*Dataset content*
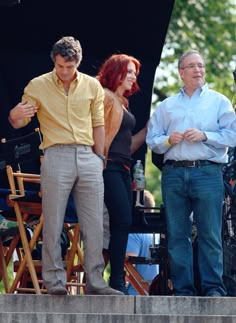 two men and a woman on the set of a movie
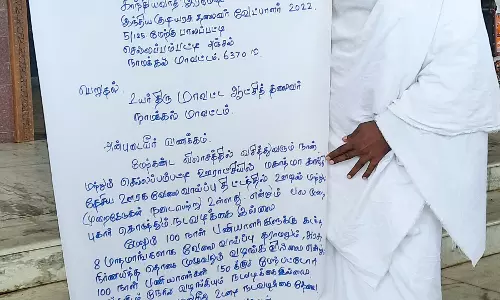 நாமக்கல் கலெக்டர் அலுவலகத்துக்கு  பிளக்ஸ் பேனரில் கோரிக்கையை எழுதி வந்தவரால் பரபரப்பு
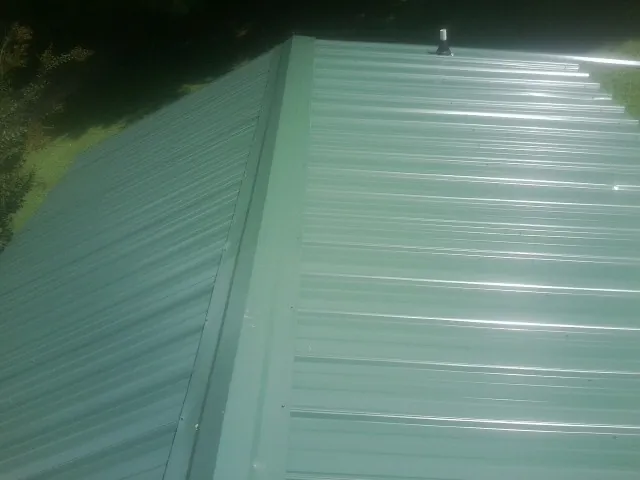 New green metal panels meeting at the ridge of a roof — Flat Roof Repair work by our crew in Marstons Mills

*Description of the task*
Restate word for word the lines starting at the one that contains "நாமக்கல் கலெக்டர் அலுவலகத்துக்கு" and ending at the last line of the data. Skip every picture.

*Response*
 நாமக்கல் கலெக்டர் அலுவலகத்துக்கு  பிளக்ஸ் பேனரில் கோரிக்கையை எழுதி வந்தவரால் பரபரப்பு
 New green metal panels meeting at the ridge of a roof — Flat Roof Repair work by our crew in Marstons Mills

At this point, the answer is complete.